Alcandorado a comandante em chefe de arruaceiros, Trump tomou essa força para vergar e instrumentalizar o Partido Republicano já muito conservador, para encostar à parede o Partido Democrata, atolado pela ação das suas "elites" na submissão da democracia a poderes económico/financeiros obscuros. A partir de eleições tidas por democráticas, realizadas em 2016, o chefe dos arruaceiros passou a ser o presidente do Estado. Depois, foi reforçando o poder económico e financeiro; passou a usar mecanismos da democracia política contra a própria democracia política e social; atacou as instituições do Estado e as representações intermédias da sociedade sem as quais a democracia não sobrevive; combateu ferozmente "minorias" e "estrangeiros", responsabilizando-os pelos grandes problemas coletivos; promoveu o chauvinismo machista; equiparou o valor de análises suportadas no conhecimento científico e em representações coletivas testadas, ao valor de qualquer opinião não qualificada ou crença supersticiosa - a pseudoverdade dos cliques nas redes sociais.
Trump é a expressão mais especializada do ataque à verdade. Agora, importa procurar compreender como é que quase metade dos eleitores norte-americanos, após a evidência das suas "loucuras", apoiaram este homem nas últimas eleições e provavelmente continuarão a apoiar (este ou outro parecido), mesmo depois do ataque ao Capitólio. Nos EUA como em muitos outros países, movimentos como o que suporta Trump, quando em maré-cheia, pegam fogo aos parlamentos, por fora e por dentro.
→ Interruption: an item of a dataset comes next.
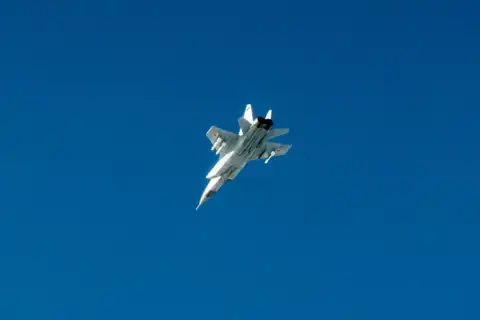 Эстония запросила консультации НАТО по 4 статье после вторжения российских МиГов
Em Portugal também há dinâmicas retrógradas e fascistas perigosas. Nestas eleições presidenciais aí está um candidato trampista e bolsonarista sem pingo de dignidade, saltitando entre a sabujice e a sobranceria, intrujão sem limites. Os outros candidatos têm criado um cordão sanitário em volta dele, mas há Comunicação Social a promovê-lo, a Direita portuguesa tem-lhe dado acesso, e a nossa sociedade está marcada por muita desesperança.